Yeast is used in winemaking where it converts the natural sugars present in grape juice or must into alcohol. Yeast is normally already invisibly present on the outside of the grapes, stalks, stems and leaves.
The fermentation can be done with this endogenous wild yeast; however, this may give unpredictable results depending on the exact types of yeast species present on the grapes, in the winery and even oak barrels.
For this reason pure cultured yeast is generally added to the must, which rapidly comes to dominate the fermentation. This represses the wild yeasts and ensures a reliable, controlled and predictable fermentation.
'Indigenous / Wild Yeast'
For inoculated fermentations, the size of the inoculum which yeast manufacturers recommend adding is large enough to insure that the fermentation starts rapidly and is therefore dominated by this single strain. Many winemakers inoculate with a considerably smaller dose of yeast and they obtain some of the benefits of wild yeast fermentation. The result is a slower, longer fermentation, giving a foothold for native yeast to have an influence on the fermentation.
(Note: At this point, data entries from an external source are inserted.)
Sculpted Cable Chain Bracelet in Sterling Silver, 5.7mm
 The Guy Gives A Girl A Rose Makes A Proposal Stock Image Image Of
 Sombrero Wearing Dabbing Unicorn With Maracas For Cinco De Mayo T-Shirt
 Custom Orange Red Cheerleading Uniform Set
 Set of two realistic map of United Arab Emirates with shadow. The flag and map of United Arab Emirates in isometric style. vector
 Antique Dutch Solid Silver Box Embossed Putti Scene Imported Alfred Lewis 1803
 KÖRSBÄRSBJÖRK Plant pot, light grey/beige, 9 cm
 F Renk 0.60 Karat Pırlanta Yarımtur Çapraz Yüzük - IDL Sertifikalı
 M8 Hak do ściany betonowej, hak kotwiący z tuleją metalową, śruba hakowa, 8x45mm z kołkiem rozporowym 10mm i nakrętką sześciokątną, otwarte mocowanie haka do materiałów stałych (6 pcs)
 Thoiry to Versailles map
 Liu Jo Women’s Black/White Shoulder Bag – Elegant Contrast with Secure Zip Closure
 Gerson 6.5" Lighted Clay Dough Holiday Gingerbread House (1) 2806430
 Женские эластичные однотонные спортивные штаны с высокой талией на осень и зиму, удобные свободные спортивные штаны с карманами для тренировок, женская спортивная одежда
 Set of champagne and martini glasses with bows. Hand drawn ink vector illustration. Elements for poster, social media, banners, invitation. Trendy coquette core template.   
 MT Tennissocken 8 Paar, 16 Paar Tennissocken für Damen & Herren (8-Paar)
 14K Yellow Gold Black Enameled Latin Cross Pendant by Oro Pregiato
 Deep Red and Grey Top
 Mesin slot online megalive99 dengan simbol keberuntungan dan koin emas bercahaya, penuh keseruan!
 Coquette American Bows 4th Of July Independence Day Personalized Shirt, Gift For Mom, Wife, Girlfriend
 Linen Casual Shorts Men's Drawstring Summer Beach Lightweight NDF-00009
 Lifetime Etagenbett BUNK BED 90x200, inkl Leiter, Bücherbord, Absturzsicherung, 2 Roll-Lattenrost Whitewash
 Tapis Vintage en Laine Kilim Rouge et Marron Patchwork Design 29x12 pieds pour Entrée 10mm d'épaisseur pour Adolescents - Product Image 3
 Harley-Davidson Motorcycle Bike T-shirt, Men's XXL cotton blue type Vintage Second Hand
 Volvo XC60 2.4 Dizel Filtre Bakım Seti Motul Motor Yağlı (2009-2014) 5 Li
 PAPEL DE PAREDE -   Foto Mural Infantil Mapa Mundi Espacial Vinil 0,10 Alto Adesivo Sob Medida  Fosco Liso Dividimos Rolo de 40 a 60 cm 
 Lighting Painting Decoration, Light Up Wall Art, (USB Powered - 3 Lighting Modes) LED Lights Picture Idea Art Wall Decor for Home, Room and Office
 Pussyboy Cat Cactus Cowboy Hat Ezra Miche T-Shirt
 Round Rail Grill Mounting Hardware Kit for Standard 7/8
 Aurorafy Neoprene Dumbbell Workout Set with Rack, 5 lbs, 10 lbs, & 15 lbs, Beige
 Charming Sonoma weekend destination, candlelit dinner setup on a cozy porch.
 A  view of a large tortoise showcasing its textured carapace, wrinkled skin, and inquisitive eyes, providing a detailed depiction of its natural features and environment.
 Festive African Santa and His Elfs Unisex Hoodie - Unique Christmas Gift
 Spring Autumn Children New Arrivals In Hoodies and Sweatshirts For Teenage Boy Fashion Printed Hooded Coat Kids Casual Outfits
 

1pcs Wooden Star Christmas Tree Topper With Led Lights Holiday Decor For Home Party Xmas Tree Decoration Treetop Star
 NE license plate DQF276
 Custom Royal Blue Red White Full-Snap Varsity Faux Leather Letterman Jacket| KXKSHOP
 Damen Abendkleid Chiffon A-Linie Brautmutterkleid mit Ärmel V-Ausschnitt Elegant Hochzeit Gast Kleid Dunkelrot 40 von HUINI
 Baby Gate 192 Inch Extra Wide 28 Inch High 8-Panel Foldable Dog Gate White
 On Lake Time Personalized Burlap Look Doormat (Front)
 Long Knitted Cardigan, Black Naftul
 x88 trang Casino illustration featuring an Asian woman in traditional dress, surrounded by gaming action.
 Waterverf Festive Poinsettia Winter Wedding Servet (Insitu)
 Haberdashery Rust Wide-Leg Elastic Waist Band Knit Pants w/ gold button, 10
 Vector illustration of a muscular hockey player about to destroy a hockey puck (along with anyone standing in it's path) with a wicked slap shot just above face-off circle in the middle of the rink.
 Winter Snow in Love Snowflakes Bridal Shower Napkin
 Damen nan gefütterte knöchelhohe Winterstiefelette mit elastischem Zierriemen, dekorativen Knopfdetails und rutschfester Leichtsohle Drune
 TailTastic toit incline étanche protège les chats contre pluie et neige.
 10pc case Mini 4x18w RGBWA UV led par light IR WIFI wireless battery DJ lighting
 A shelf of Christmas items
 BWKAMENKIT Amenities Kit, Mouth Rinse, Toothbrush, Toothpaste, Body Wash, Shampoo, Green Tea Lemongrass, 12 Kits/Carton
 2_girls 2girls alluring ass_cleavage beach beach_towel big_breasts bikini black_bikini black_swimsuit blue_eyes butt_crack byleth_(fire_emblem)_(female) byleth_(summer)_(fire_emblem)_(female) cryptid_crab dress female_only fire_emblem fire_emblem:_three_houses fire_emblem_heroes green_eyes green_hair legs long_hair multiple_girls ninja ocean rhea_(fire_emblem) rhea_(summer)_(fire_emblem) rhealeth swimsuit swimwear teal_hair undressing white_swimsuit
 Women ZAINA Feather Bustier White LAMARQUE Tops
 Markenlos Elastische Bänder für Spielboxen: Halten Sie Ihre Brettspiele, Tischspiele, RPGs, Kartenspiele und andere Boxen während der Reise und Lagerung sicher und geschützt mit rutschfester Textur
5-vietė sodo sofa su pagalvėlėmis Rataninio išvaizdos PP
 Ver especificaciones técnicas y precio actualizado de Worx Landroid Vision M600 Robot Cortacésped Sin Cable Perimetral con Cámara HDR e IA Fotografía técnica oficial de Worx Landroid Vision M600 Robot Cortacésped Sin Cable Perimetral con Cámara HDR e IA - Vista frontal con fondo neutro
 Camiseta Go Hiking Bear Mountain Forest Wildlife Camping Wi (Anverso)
Most of France and much of Europe practice inoculated fermentations. The exceptions are some of the small estates in Burgundy and the Rhone who use native yeast in most years. For these smaller domaines, science and technology take a back seat to tradition, or 'doing it as their father did it.' While some NZ winemakers have embraced many traditional French winemaking techniques, natural yeast fermentations have caught on only in the last ten years or so.
Wild yeast is not the secret answer to making great wine. Rather, it is a piece of the puzzle - one in a number of ways to develop complexity in wines. This quality factor, coupled with the fact that the majority of winemakers feel these methods make their craft more interesting and challenging assures that the use of wild yeast will continue to grow in the production of interesting and dynamic wines.